Tuesday, 15 November 2011
The Troll Hunter
What better film to kick off this blog, than the Troll Hunter! One of the best, and most innovative and unusual films of 2011.
This film is a fantastic Norwegian "Black Comedy", filmed on a hand-held camera in the style of The Blair Witch Project. It follows a gang of student documentary film makers as they track a hunter illegally killing bears in the Norwegian mountains. What they don't expect is that he's really working for the government "managing" the Troll outbreaks in the Norwegian countryside. Shot amongst breathtakingly beautiful landscapes, this film feels 'big'. It captures the essence of Norway, it's nature, history and folklore. Of course when this comes into contact with a cheesy horror movie setup, sparks are going to fly!

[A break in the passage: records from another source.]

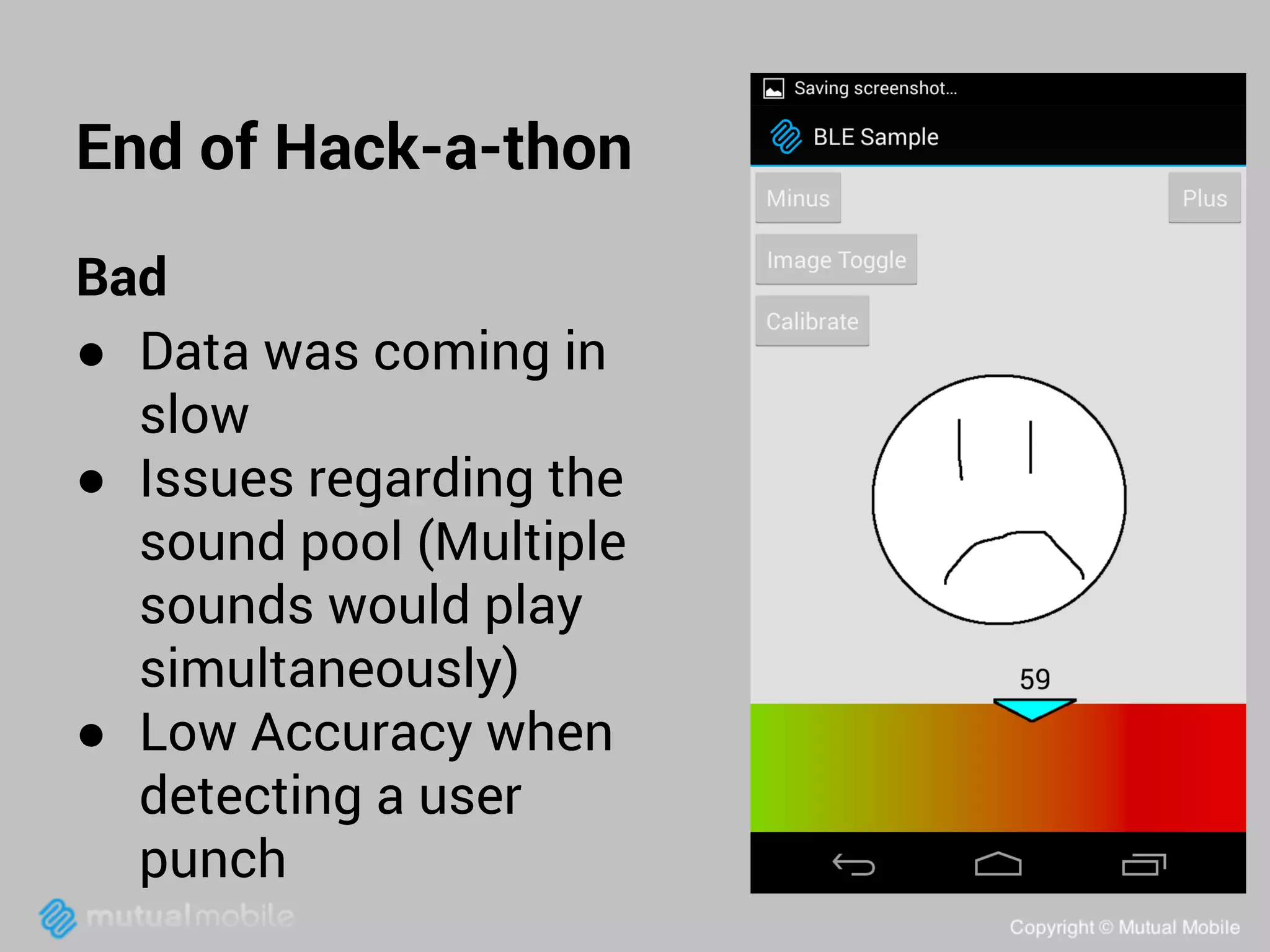 End of Hack-a-thon
Bad
● Data was coming in
slow
● Issues regarding the
sound pool (Multiple
sounds would play
simultaneously)
● Low Accuracy when
detecting a user
punch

The obvious comparison for this film is "The Blair Witch Project", due to the way it is shot and the location, but rather than remind me of Blair Witch, I thought it had more of a feel of a fairytale Deliverance. It also seemed to have similar themes and issues to Deliverance, such as the clash between the beautiful yet hidden and hostile forces of nature, and the bland vulnerability of modern life, but with a much more absurd and cutting edge to it. The Folklore of Norway literally comes to life like a huge slap in the face, and can no longer be ignored.
The fact that the Trolls themselves, rendered in some of the most effective (at times subtle, at other times magnificent) CGI I have ever seen, feel real and strangely familiar, adds to the overall impact of the film. Most importantly, when the different Trolls are glimpsed, they are nothing like a terrifying inhuman Alien, or the supernatural and unseen "Blair Witch", or event the primitive redneck stereotypes of Deliverence, the Trolls are the magnificent, characterful, primeval god-like creatures of Norwegian folklore complete with all the cliches; they smell the blood of Christian men, turn to stone in sunlight etc. Fairytales and folklore, when you actually read them, are often incredibly dark and ancient tales, teaching lessons about respecing and fearing nature and it's beauty, wonder and danger.

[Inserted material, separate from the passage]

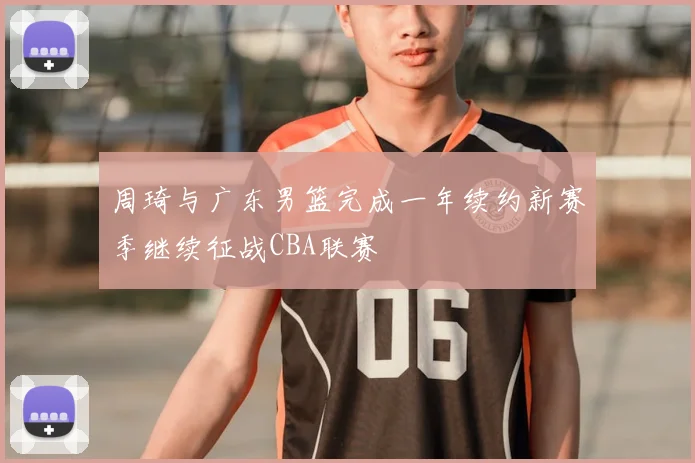 周琦与广东男篮完成一年续约新赛季继续征战CBA联赛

This film is one of the most effective creature films I've ever seen. The Troll Hunter himself is an amazingly brilliant character, living in a world where primeval, archetypal creatures from nature clash against the banal burocracy with which it is often managed. Whilst reminding me of the artwork of John Bauer combined with the movies Jaws, Moby Dick, Deliverance, Monsters and even Let the Right One In, this film remains completely fresh and unique, and must be seen to be believed.m The silliness of the whole thing is a vital element, but one which could easily put someone off; we are used to straight Hollywood monster movies, full of cgi and explosions. Of course, if you are one of the boring bureaucrats this will all go straight over your head...still, cool cgi though!